Farming is all about planning.  Of course, many of our plans never are played out--something always seems to happen to derail our well-thought-out plan and well, there you go.  But it is a necessary part of this game, otherwise you're out of business pretty quickly.  Right now I'm in the midst of planning for Fall.

Today I began my Fall planting.  After several days of preparations--mixing soil, gathering tools, looking over my seed inventory--I finally got some seeds into some dirt.  Yay!  
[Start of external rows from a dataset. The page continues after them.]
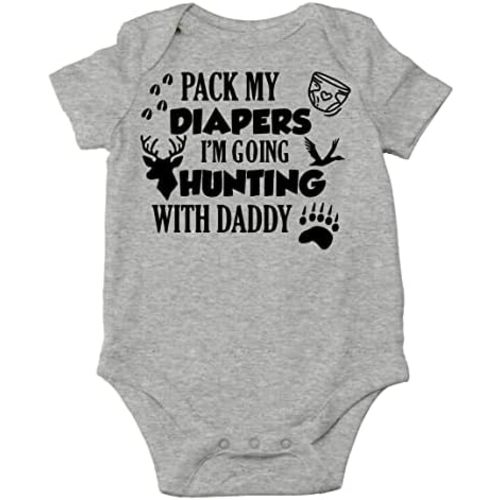 CBTwear Pack My Diapers I’m Going Hunting With Dad - Baby Clothes - Funny Newborn Bodysuit Outfits for Boys and Girls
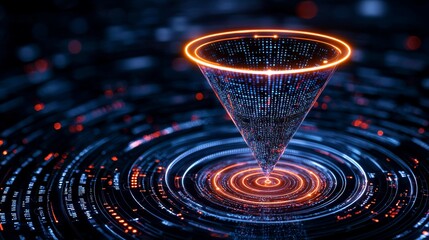 A vibrant, digital vortex of blue and orange light spirals into a conical shape, creating a captivating effect against a dark backdrop.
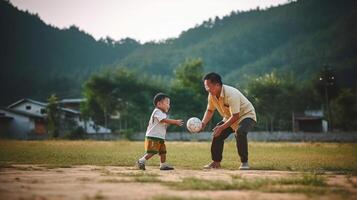 ai generativ unge sparkar fotboll boll medan spelar med hans familj aktiva familj har roligt utomhus njuter fritid tid barndom och Lycklig livsstil begrepp foto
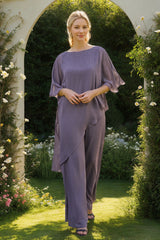 2 Pieces Chiffon Scoop 3 4 Sleeves Mother Of The Bride Pantsuits With Rhinestones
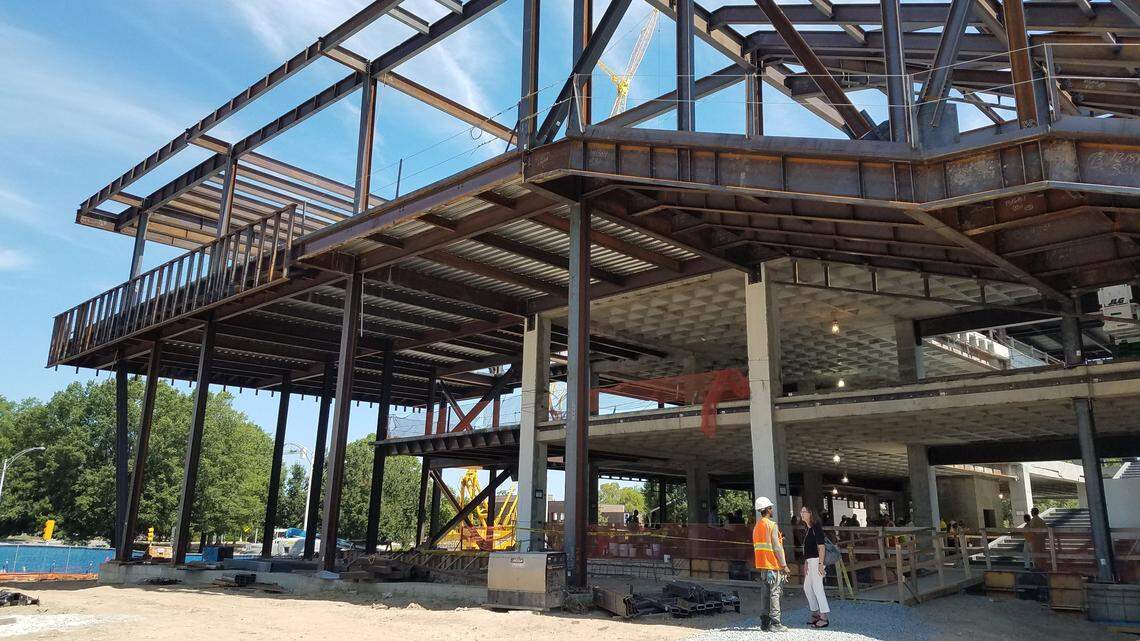 Durham County leaders got a look inside the major renovation of the Durham County Main Library downtown on Thursday, July 19, 2018. The $44.3 million project was funded by a bond referendum and is scheduled to open in 2020.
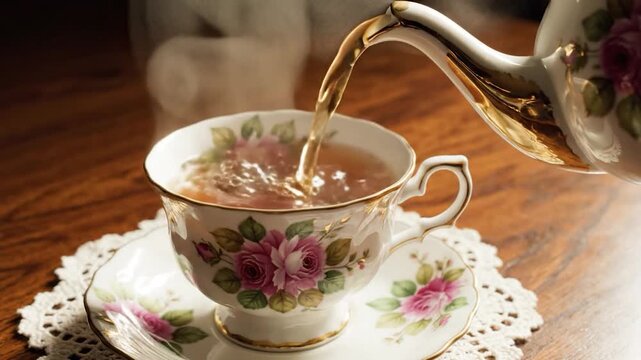 Hot beverage being poured into a decorative porcelain cup and saucer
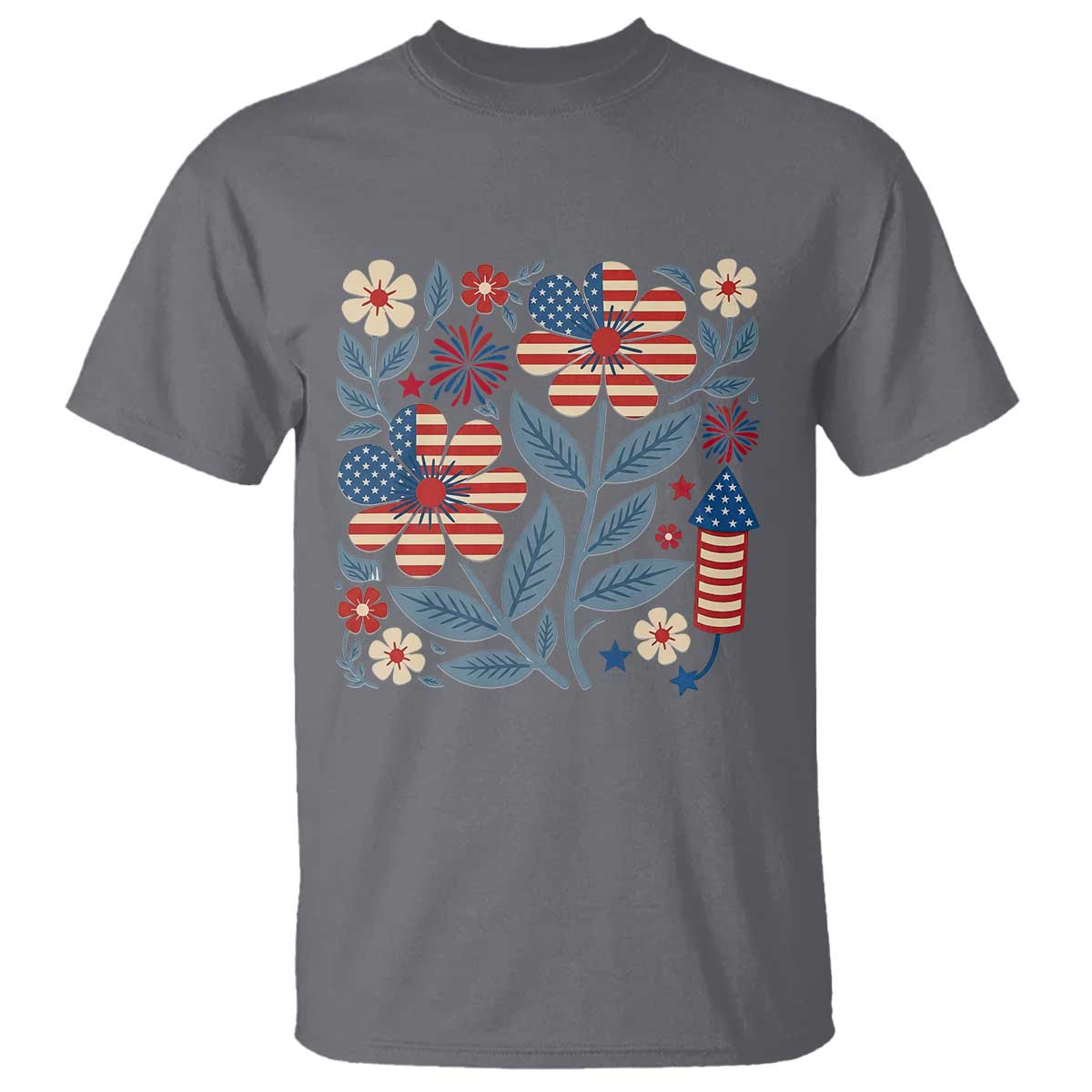 Boho Patriotic Daisy American Flag Floral T Shirt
I've discovered this wonderful method of starting seedlings.  Originating in Great Britain, soil blockers are an Earth-friendly approach to this age old process.  A couple of years ago I purchased a soil blocker, which is a device that makes 2 inch cubes of compressed potting soil.  One sows a seed or two into each block and cares for it lovingly for several weeks before setting it into its permanent home in the garden.  No container needed.  No plastic to recycle or (worse yet) send to the landfill.  No transplant shock when the young plant is set out.  What a great system!

Year before last I constructed a seedling rack.  Basically, it is a wooden shelf unit with fluorescent light fixtures attached to the underside of each shelf.  I can start more than 500 plants at a time this way.  The seedlings are always sturdy and strong, and it isn't very much trouble to care for them as they grow.  

But the biggest part of this is the thrill I get when I get those first seeds planted for a new season.  Even though we have a few weeks left to finish our Summer season, it feels good to be starting on Fall.  I never tire of putting seeds into dirt and I'm not over my amazement that a tiny seed, about the size of a large grain of sand, will yield several pounds or more of truly top quality nutrition.  I get all excited when the little seedlings break through the soil surface, I watch eagerly day to day as these minuscule plants develop and grow, I worry about them when I'm away from them.  And I never get tired of it.

As I'm planting my soil blocks, dropping cabbage seeds into the little dimple on top of each block, I am visualizing the Fall garden. Deep blue skies above, soft chilly breeze blowing all about, and long straight rows of beautiful cabbages, some red and some green.  There are cabbages that are very round, some that are flattened balls, and some that have pointy heads.  And then on to the broccoli seeds, the collards, the cauliflower.  In a few short weeks I'll be starting lettuce this way.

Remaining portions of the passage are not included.